Nick did not share this.
He just repeated, “Yeah.” Then, to turn the subject, he said, “Talked to Knight, Raid, Sylvie, Marcus, all of ’em. Had to, Eric. Their women and families were targeted. They had to know what we were doin’, why we were doin’ it and how they were gonna use anyone that was close to me or Knight in order to use him to get to me to stop us from doin’ what we were doin’. My brother and his crew also dragged my ass out of that hellhole so they had to know why I was there in the first place.”
“Not thinkin’ any of those folks will talk,” Turner muttered in reply.
He was absolutely right.
Nick nodded.
His gaze still intense, Turner stated, “We were planning an extraction, Nick.”
Nick nodded again, this time sharply.
He didn’t want to go there.
“I know you were,” he said in an effort to stop Turner from talking about it.
He did know that. Turner wouldn’t leave Nick hanging. He definitely wouldn’t leave Hettie that way.
“Your brother and his crew, they don’t have to worry about the rules like my crew does,” Turner explained. “They could go in hot. They could take those risks, no plan, flyin’ by the seat of their pants.”
“I know,” Nick replied.
“We were comin’ for you,” Turner went on. “You and Hettie.”
Nick didn’t repeat himself.
They were. It was still too late. When Knight and his crew tore in there to save his ass, they were too late too.
Too fucking late.
“Coupla weeks, we’ll go for a beer,” Turner suggested.
It was Nick’s turn to study him.
“You do that a lot with your ex-CI’s?”
Turner suddenly looked pissed. “Jesus, Sebring, the shit we been through the last coupla years, you seriously think you’re still just a confidential informant to me?”
Now that…
That felt good.
Nick had not had a habit of surrounding himself with good people.
And Turner
was definitely a good man.
“Fucked thing to say,” Nick muttered.
Turner’s face again changed. He might not have any clue how bad it was but he still got where Nick’s head was at.
“Coupla weeks, buddy,” he said quietly.
Nick nodded.
Unexpectedly, Turner was whispering, “Be smart, Nick.”
Yeah.

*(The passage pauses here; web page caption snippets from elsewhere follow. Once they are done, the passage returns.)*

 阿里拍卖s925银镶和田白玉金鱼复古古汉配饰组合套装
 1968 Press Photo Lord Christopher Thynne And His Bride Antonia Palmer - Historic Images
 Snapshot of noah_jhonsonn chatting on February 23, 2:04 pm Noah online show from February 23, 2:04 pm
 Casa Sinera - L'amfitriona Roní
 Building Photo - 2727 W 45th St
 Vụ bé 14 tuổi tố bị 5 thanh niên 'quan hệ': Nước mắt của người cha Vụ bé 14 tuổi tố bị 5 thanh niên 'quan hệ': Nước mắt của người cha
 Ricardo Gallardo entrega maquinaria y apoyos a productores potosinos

He knew.
But Special Agent Eric Turner had taught him a lot.
So he also knew Nick had some of the skills he needed to get the job done.
And she’d taught him patience.
He’d acquire the skills he didn’t have. If it took him a decade, he’d do it.

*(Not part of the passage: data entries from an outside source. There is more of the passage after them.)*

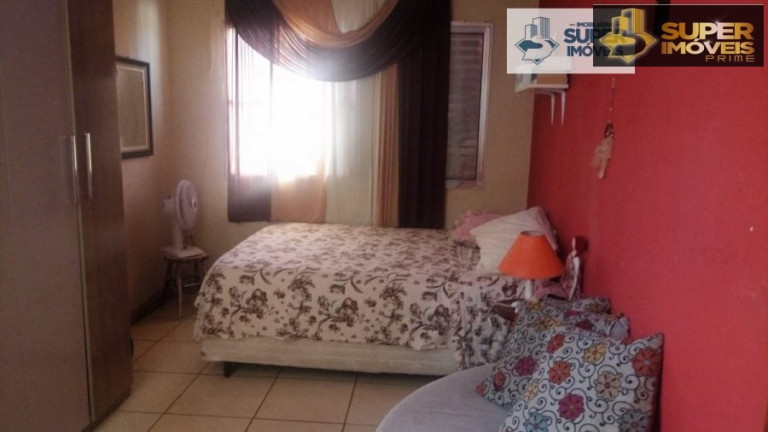 Imagem Casa com 3 Quartos à Venda, 180 m² em Centro - Pelotas Imagem Casa com 3 Quartos à Venda, 180 m² em Centro - Pelotas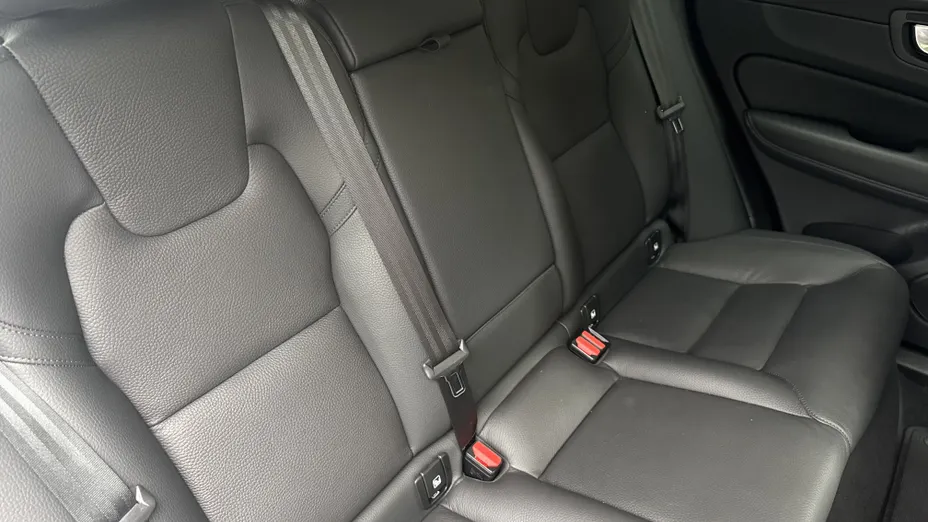 VOLVO XC60 XC60 B5 B AWD Plus Dark aut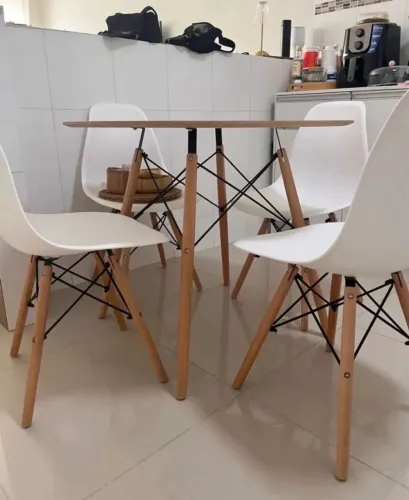 Mesa novinha nunca usada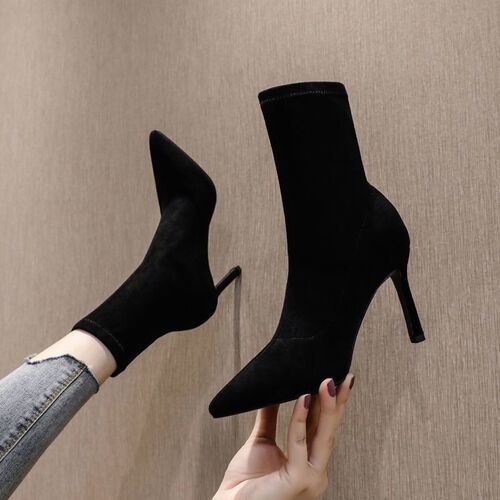 Thin black elastic socks boots, internet famous, slimming and thinning boots, mid-calf versatile high heels, pointed short boots for women, autumn and winter lined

Then he’d get the job done.
* * * * *
Five Months Later
Nick stood by the river, its banks covered in tiny but bright bursts of wildflowers, the spring thaw of the mountains having subsided, the rush of water still heavy but also soothing.

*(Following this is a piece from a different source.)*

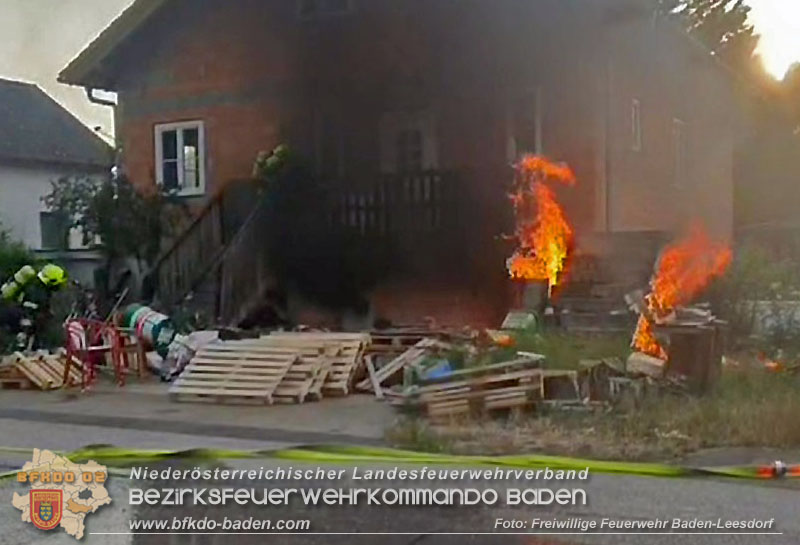 20240719_Brand bei einem Einfamilienhaus in der Badener Haidhofsiedlung   Foto: Stefan Wagner FF Baden-Leesdorf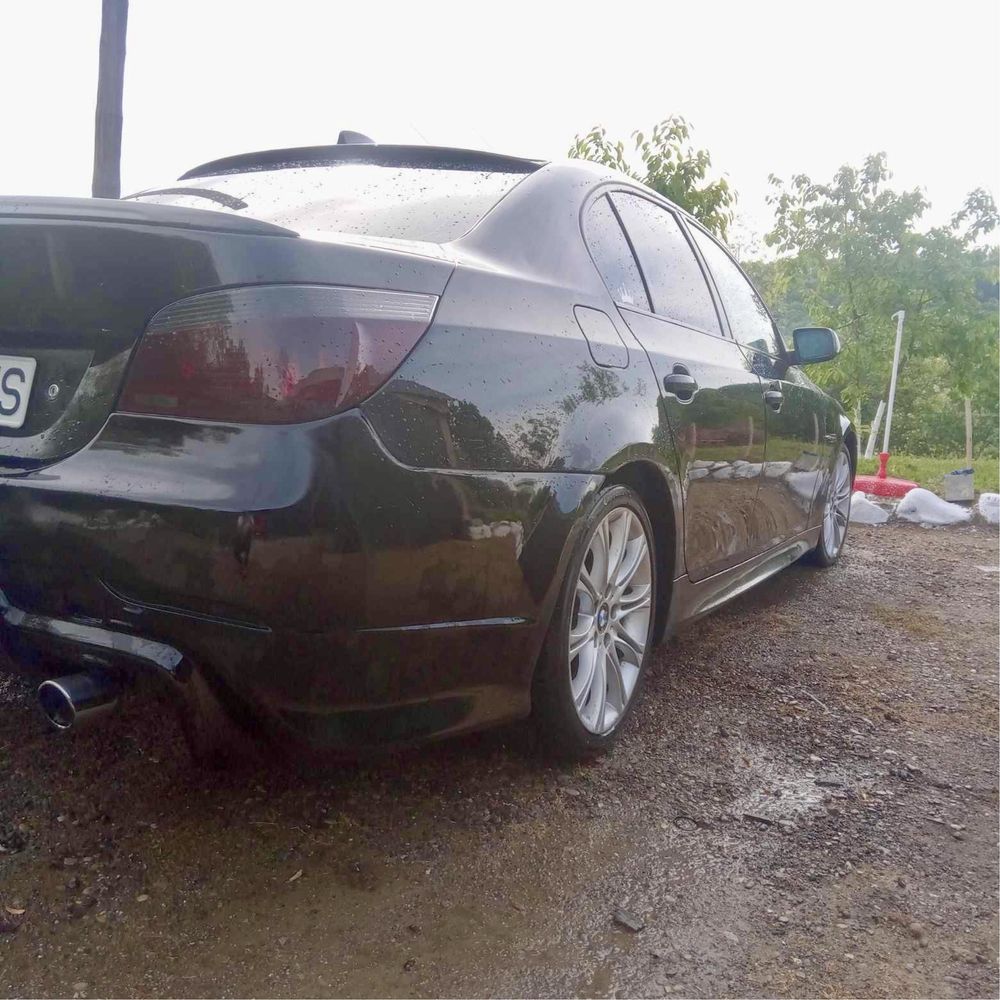 Bmw seria 5 e60 525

He felt him coming before he came to a stop at Nick’s side.
“Me and Cassie are glad you showed,” Deacon Gates said to him.
“You put a pink bow on your dog,” Nick replied.
“I didn’t,” Deacon returned.
“Your woman put a pink bow on your dog,” Nick said then turned to look at the man at his side. “And that dog is a German shepherd. It’s a wonder every shepherd breeder in North America isn’t rushin’ this location to put a gun to your head to demand payback for that dog’s dignity.”
Deacon grinned at him, shrugging one shoulder. “It’s a wedding.”
It was.
That day, in a gazebo by a river in the middle of fucking nowhere in the Colorado Mountains, the man known throughout the dark, harsh, fetid, hostile underbelly of this great United States as Ghost got married to one of the most beautiful women Nick had ever laid eyes on.